仕事が落ち着き、ゆっくりする時間ができたので、自分のペースで読んだらあらよあらよとラストまで…
ちょっとだけ、自分で旅をした気分になりつつ、
「旅に出たい!」
と思った。

ちなみに、沢木耕太郎さんってこんな人。

1947年東京生れ。横浜国立大学卒業。ほどなくルポライターとして出発し、鮮烈な感性と斬新な文体で注目を集める。1979年『テロルの決算』で大宅壮一ノンフィクション賞、1982年『一瞬の夏』で新田次郎文学賞を受賞。その後も『深夜特急』『檀』など今も読み継がれる名作を発表し、2006年『凍』で講談社ノンフィクション賞、2013年『キャパの十字架』で司馬遼太郎賞を受賞する。長編小説『波の音が消えるまで』『春に散る』、国内旅エッセイ集『旅のつばくろ』『飛び立つ季節 旅のつばくろ』など著書多数。
https://www.shinchosha.co.jp/writer/1666/


沢木耕太郎さん
https://www.shinchosha.co.jp/writer/1666/
より

どんな本なの?

『天路の旅人』がどんな本なのかを超簡単に言うと、戦時中の密偵として、現在のモンゴルからインドまでを、基本徒歩で、ラマ僧に扮して旅した鉄人の話。

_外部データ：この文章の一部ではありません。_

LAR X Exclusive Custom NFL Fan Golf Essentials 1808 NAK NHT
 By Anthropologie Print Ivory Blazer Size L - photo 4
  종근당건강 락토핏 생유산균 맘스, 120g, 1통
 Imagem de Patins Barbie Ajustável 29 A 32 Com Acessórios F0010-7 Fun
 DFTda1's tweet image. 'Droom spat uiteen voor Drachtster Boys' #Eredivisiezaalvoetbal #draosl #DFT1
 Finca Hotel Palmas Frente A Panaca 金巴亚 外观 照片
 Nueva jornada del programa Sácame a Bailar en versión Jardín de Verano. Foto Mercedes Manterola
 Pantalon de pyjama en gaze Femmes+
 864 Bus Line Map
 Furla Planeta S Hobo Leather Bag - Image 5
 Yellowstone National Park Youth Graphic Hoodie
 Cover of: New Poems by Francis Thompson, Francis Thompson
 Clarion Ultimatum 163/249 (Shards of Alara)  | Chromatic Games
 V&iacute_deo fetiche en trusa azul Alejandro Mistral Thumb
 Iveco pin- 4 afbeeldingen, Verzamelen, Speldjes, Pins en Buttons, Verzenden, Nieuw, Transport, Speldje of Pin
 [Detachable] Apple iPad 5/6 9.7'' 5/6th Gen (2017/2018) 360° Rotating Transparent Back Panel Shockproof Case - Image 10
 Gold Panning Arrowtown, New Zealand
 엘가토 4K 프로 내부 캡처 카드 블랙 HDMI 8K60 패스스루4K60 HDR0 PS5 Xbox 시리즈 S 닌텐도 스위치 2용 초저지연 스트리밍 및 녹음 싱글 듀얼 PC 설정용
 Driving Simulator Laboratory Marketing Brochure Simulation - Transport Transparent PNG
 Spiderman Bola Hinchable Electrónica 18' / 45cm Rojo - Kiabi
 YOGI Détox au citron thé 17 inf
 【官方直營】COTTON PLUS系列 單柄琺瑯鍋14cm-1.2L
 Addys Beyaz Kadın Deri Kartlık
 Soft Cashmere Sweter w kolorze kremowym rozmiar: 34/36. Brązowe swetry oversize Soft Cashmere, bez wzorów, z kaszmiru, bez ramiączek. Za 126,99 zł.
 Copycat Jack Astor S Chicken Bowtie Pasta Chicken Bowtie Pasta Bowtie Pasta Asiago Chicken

今だったら、バスや電車、飛行機だって船だって使えるが、かれこれ70~80年くらい前だから、そんなものも十分なければ、100均で手に入るような便利グッズなんかももちろんない。

とはいえザクっとしすぎているかもしれないので、もう少しだけ内容を書くとすると…(↓サイトからの引用)

第二次大戦末期、敵国の中国大陸の奥深くまで「密偵」として潜入した若者・西川一三。
敗戦後もラマ僧に扮したまま、幾度も死線をさまよいながらも、未知なる世界への歩みを止められなかった。
その果てしない旅と人生を、彼の著作と一年間の徹底的なインタビューをもとに描き出す。
著者史上最長にして、新たな「旅文学」の金字塔。
https://www.shinchosha.co.jp/book/327523/

「郷に入りては、郷に従う」

僕は沢木さんの『深夜特急』が大好きだけど、『天路の旅人』って…沢木さんが20~30年前に生きてたら同じことしてたんじゃなかろうか…?と思ってしまう。
内蒙古から始まり、敵地である中国の奥深くに入り、さらにチベット、そしてインド、ネパール…
当時、過去にそのルートを進んだ人はたった一人。ヒマラヤを何度も超え、荷物を運んでは、凍傷になったり。
確かにその鉄人ぶりには驚くのであるが、この本で最も驚くべきは、西川一三という人間の”世界への溶け込み方”。
もちろん、スパイではあるが、それ以上に”旅人”。

文明社会(その頃の日本は、やっぱりアジアの中では進んだ国)から、言ったら”何もない国”に入る込むことはめっちゃ勇気がいる。知っている人もいない。しかも、敵地。自分が日本人だと知られたら、どうなるか分からない。
もちろん、文化に溶け込む訓練はしていたけど、トレーニングと実際うまくできるかは別物でもある。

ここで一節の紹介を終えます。